Kukiz wyjaśnił, że jego ruch opowiada się przeciw "polityce rozdawnictwa". Według niego lepszym rozwiązaniem, niż wypłacanie rodzicom dzieci po 500 złotych miesięcznie za każde drugie i kolejne dziecko, byłoby zmniejszenie obciążeń podatkowych, tak żeby więcej pieniędzy zostawało w kieszeniach Polaków. Takie rozwiązanie - jak przekonuje Kukiz - skuteczniej zachęcałoby Polaków do posiadania dzieci.

Zdaniem Kukiza projekt ustawy 500+ to rodzaj "łapówki danej społeczeństwu" przez obecną większość parlamentarną w zamian za zwycięstwo PiS w wyborach z 2015 roku.

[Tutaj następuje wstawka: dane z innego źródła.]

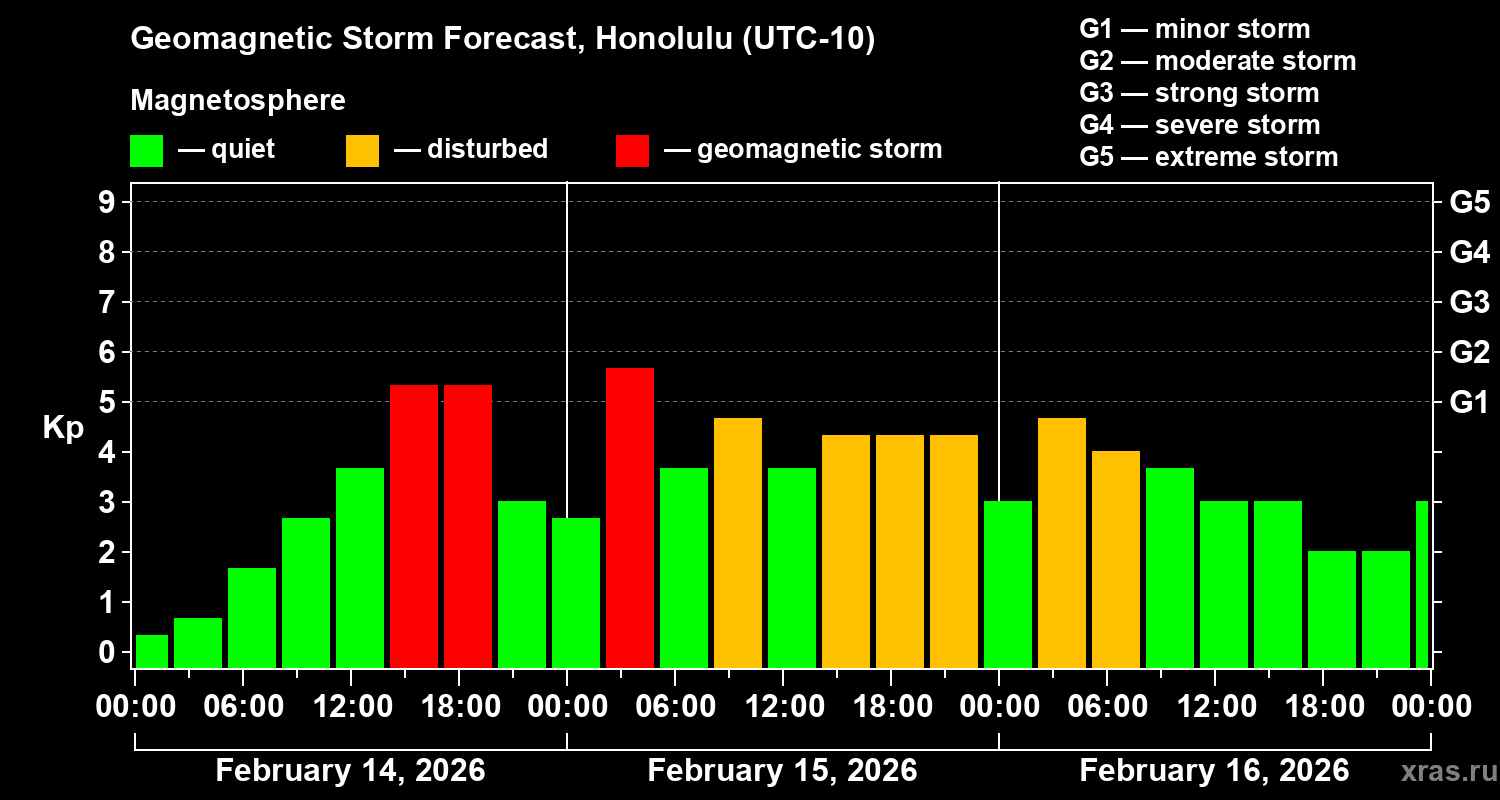 Forecast of the geomagnetic index&nbsp;Kp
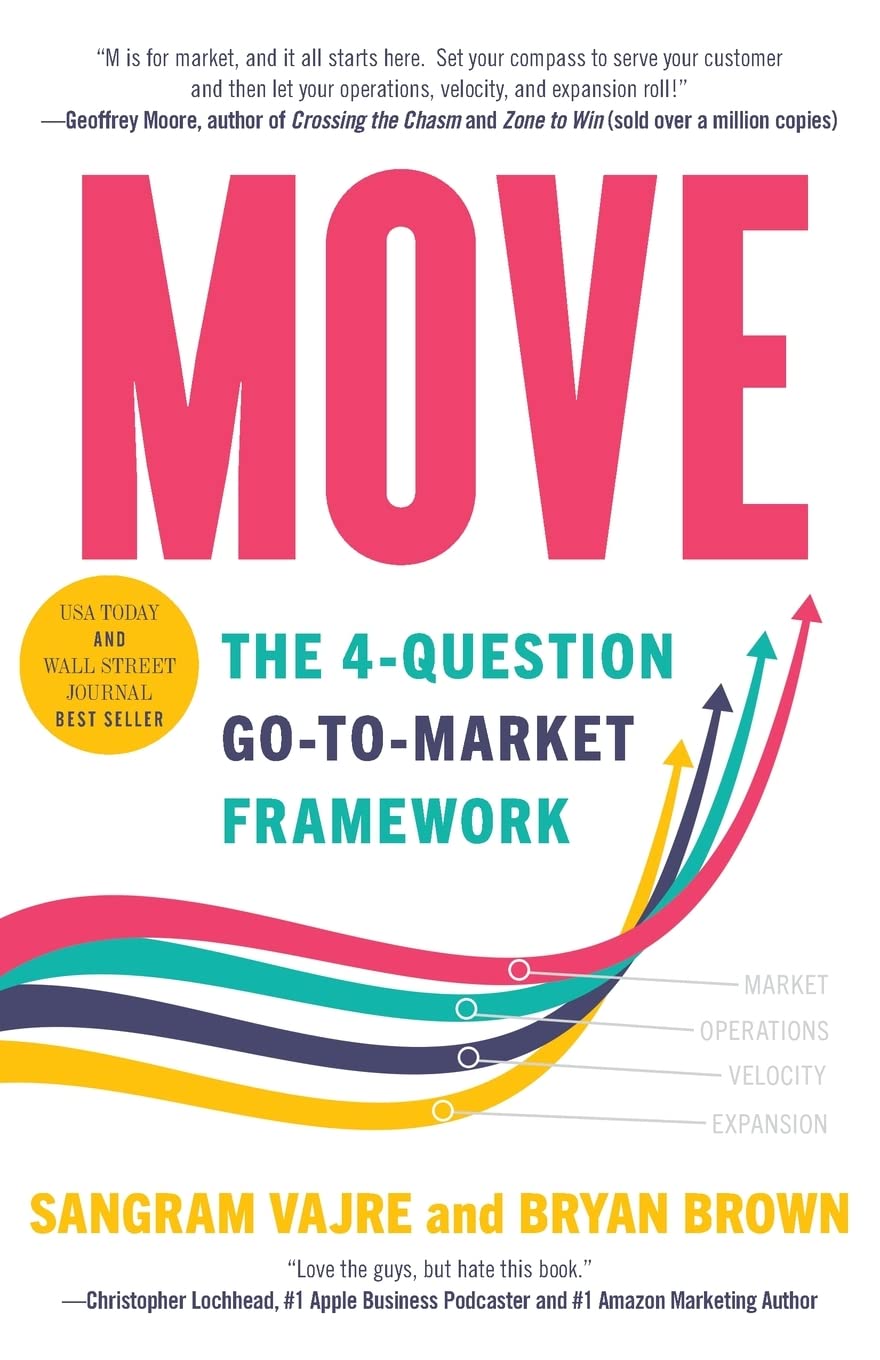 Move: The 4Question GoToMarket Framework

Kukiz był też pytany o poprawkę do budżetu, jaka pojawiła się w Sejmie z inicjatywy PiS, a która zakładała przekazanie 20 mln zł uczelni o. Tadeusza Rydzyka (ostatecznie poprawka została wycofana). - Cały czas z uporem twierdzę, że ojcu Rydzykowi, mówię to zupełnie poważnie, bez cienia ironii, jak najbardziej te pieniądze się należą, za to, co uczynił dla PiS we wszystkich kampaniach wyborczych - powiedział, ale dodał, że PiS powinien wypłacić te pieniądze z własnych środków.